Cuando se constata la extensión y el crecimiento regular de las competencias de la Comisión, es fácil comprender que el más ignoto de sus miembros sea mucho más poderoso que un ministro, incluso que el primer ministro de un Estado Miembro de la UE, exceptuando lógicamente a la canciller alemana... Uno se preguntaría entonces por qué los gobiernos y los parlamentarios nacionales han organizado voluntariamente su propia servidumbre, reduciendo de carambola, como piel de zapa, la capacidad de intervención del sufragio universal.

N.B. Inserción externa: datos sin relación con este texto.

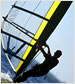 Water Activities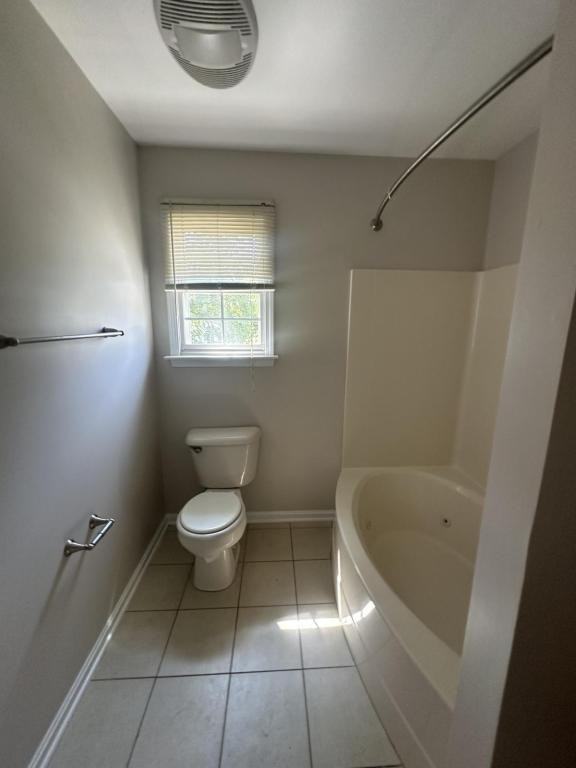 599 Atcher St - Photo 6 of 13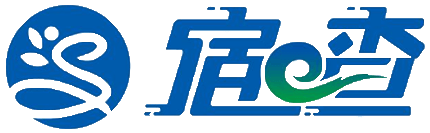 宿e查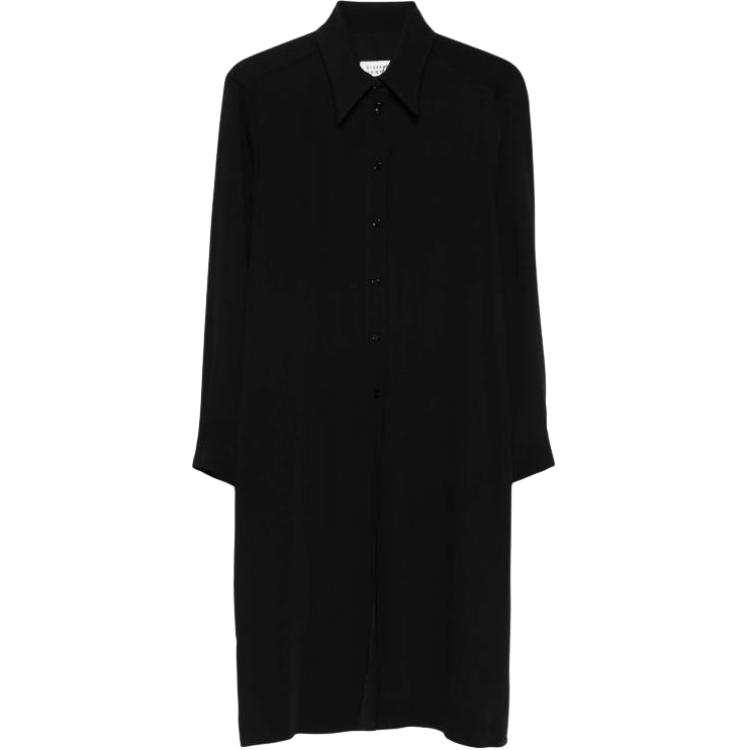 MM6 Maison Margiela Shirt Unisex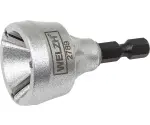 Externe ontbramer (3–19 mm)
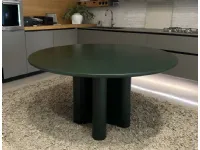Tavolo Geometric di Bonaldo scontato del 35%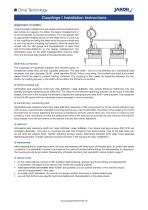 catalogue servo- couplings-9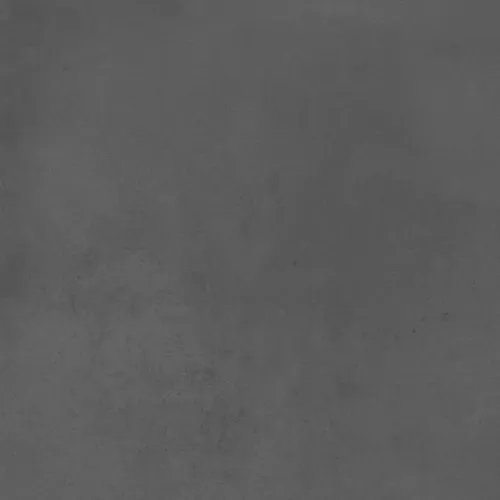 Ceradin Firenze Urban 60x60x2cm-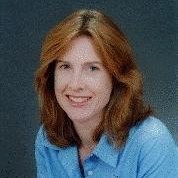 Ann Beetham Email & Phone Number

Gran parte de la respuesta radica en la adhesión de la socialdemocracia europea a las tesis neoliberales a partir de la mitad de los años 1980. Desde entonces, sus diferencias con la derecha se han ido desdibujando gradualmente, siendo la cogestión del Parlamento Europeo y el reparto de cargos en el seno de la Comisión entre conservadores y socialdemócratas una ilustración altamente simbólica de ello. Con el celo de un converso, y para vedarse a sí misma cualquier vuelta atrás ideológica, la socialdemocracia ha contribuido a constitucionalizar las políticas liberales dejándolas bien asentadas en los tratados europeos. Consecuentemente, la Comisión funciona sin control como piloto automático de dichas políticas. Sin poner radicalmente en cuestión sus poderes, incluso su propia existencia, sería ilusorio pedir –como lo hace el gobierno francés– una reorientación del proyecto europeo.
NOTAS:
(1) Un ejemplo significativo lo tenemos en la negociación a escondidas del Acuerdo Transatlántico para el Comercio y la Inversión con Estados Unidos.
(2) Por el bien de sus poderes discrecionales en materia de competencia, la Comisión puede intervenir en cualquier dominio. Se comenta que el entorno de Jacques Delors, que la presidió de 1985 a 1995, la comparaba a un viajero que, con una guía de trenes en mano, elige entre las innumerables posibilidades el destino y los horarios a su antojo, según el momento.